=== Material for this exercise ===
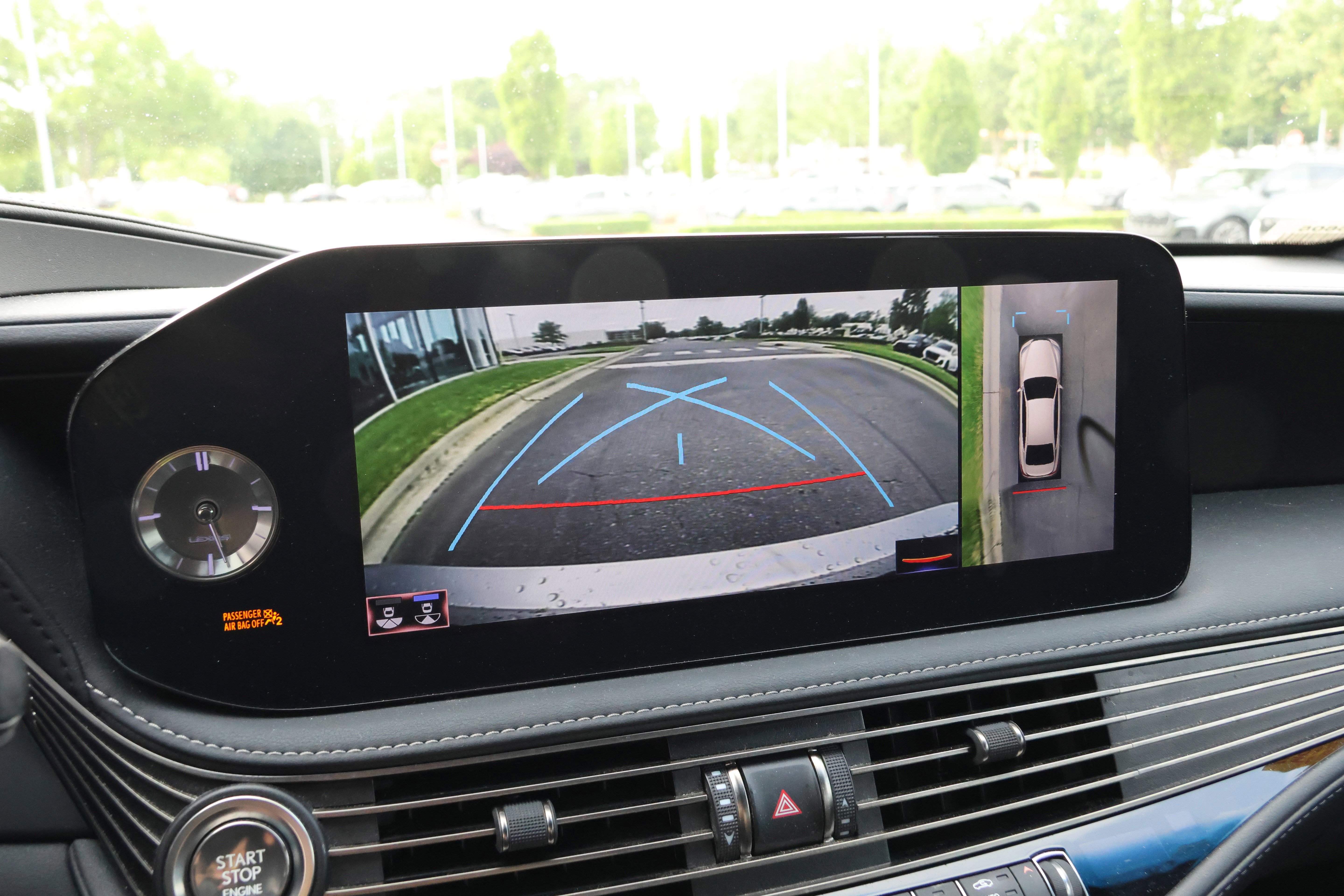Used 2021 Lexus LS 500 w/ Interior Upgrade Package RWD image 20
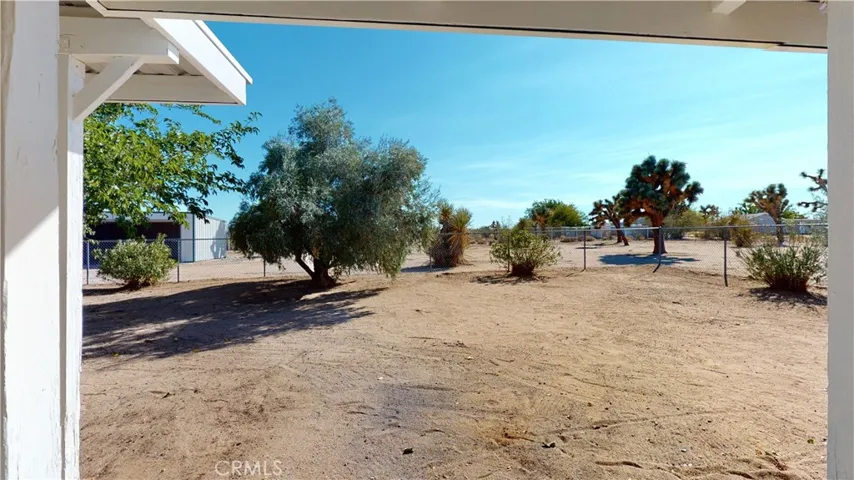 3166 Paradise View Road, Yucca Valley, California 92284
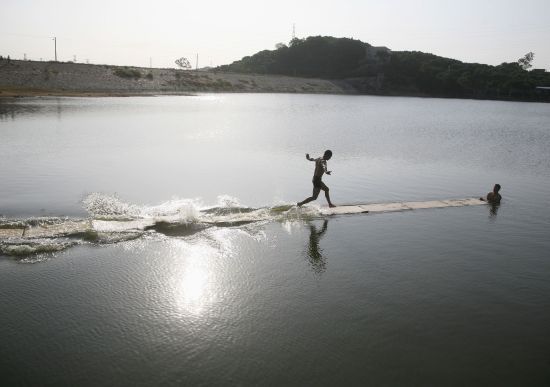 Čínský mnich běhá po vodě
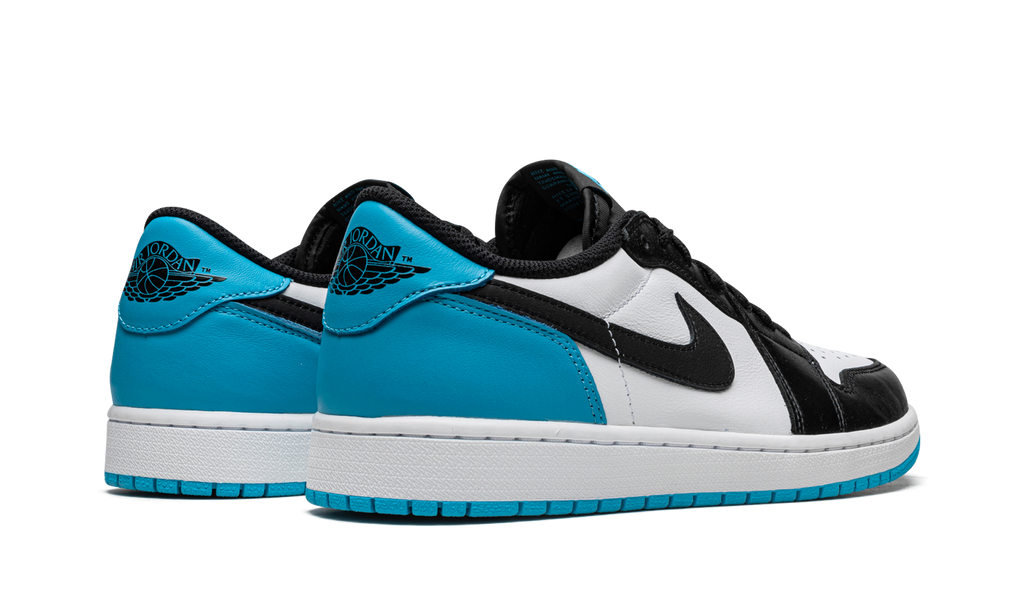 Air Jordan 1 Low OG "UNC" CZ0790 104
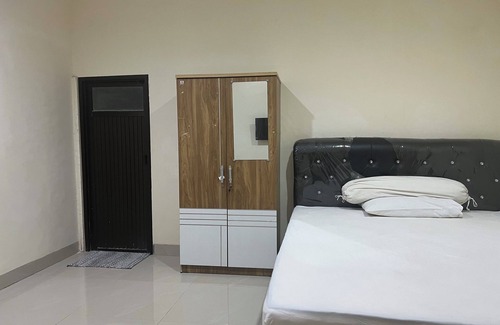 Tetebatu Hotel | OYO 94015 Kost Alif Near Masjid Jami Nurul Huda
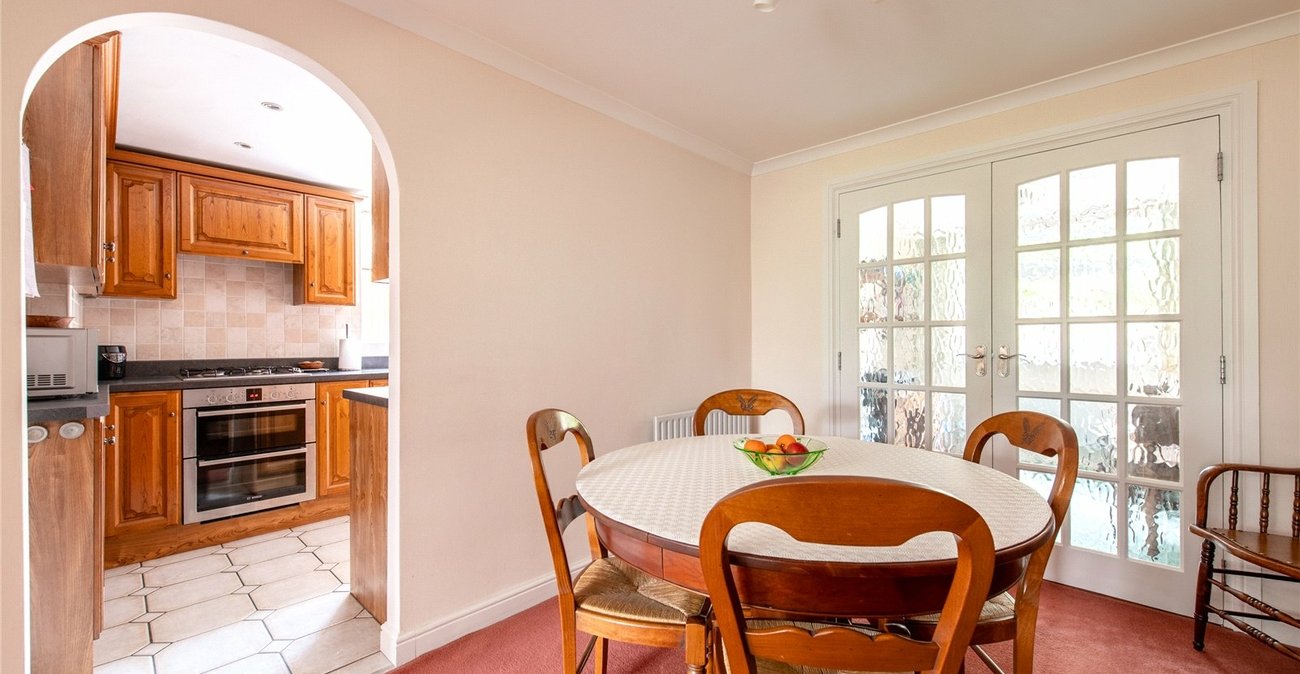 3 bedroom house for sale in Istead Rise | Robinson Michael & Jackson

=== Task details ===
Could you return exactly the lines starting with the one that contains "Air Jordan 1" and ending with the last line of the data above? Leave the pictures out.

=== Solved problem ===
 Air Jordan 1 Low OG "UNC" CZ0790 104
 Tetebatu Hotel | OYO 94015 Kost Alif Near Masjid Jami Nurul Huda
 3 bedroom house for sale in Istead Rise | Robinson Michael & Jackson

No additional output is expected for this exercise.